→ **What the task asks**: Leaving out all pictures, return exactly the lines from the one that contains "VC180 VGA+Audio to" through the end of the data below.

→ **Data block**:
⁂
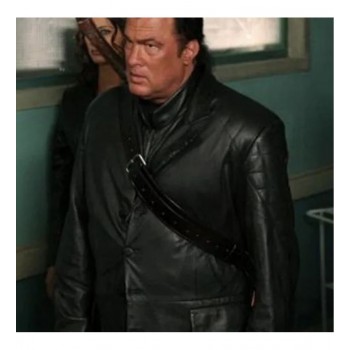 Against the Dark  Steven Seagal  (Tao)  Leather coat 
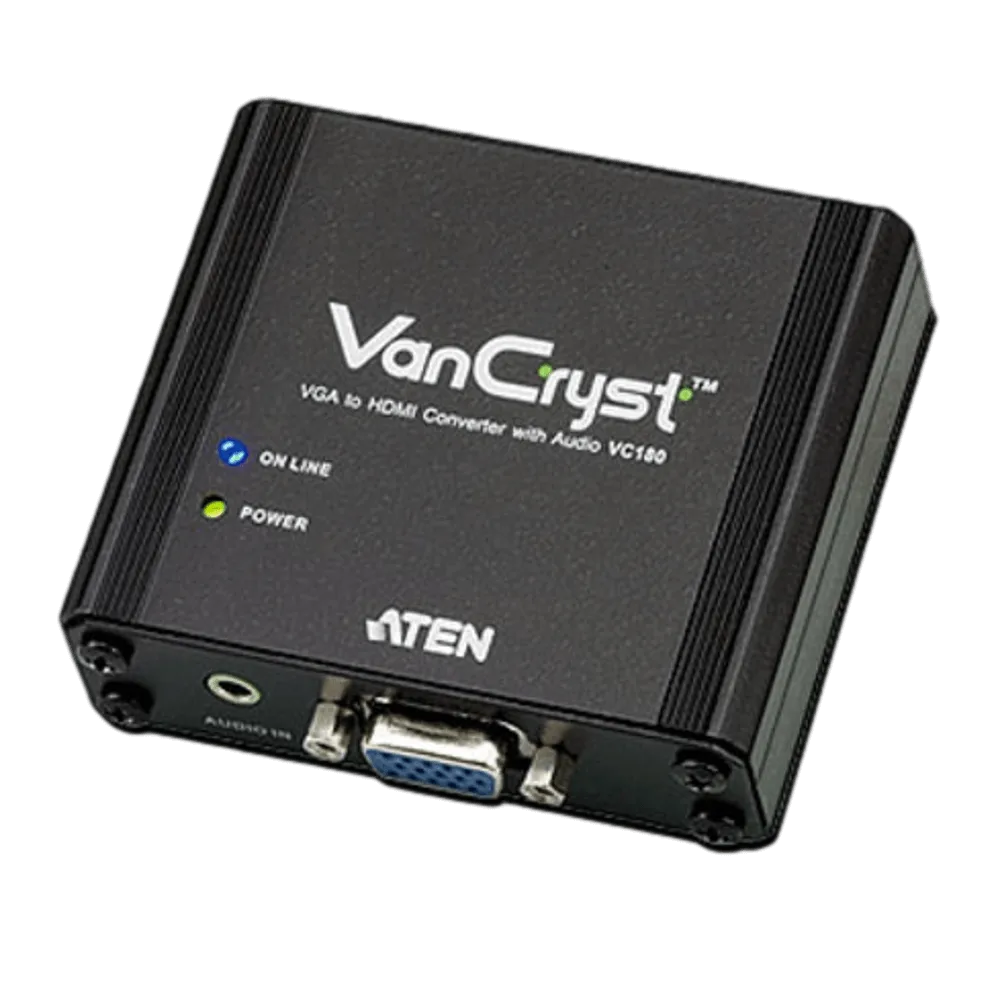 VC180 VGA+Audio to HDMI Convert מבית ATEN – תמונה 5
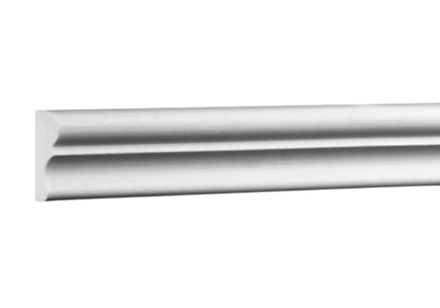 Молдинг пенополиуретан, 2000x9x19 мм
⁂
→ **Task response**:
 VC180 VGA+Audio to HDMI Convert מבית ATEN – תמונה 5
 Молдинг пенополиуретан, 2000x9x19 мм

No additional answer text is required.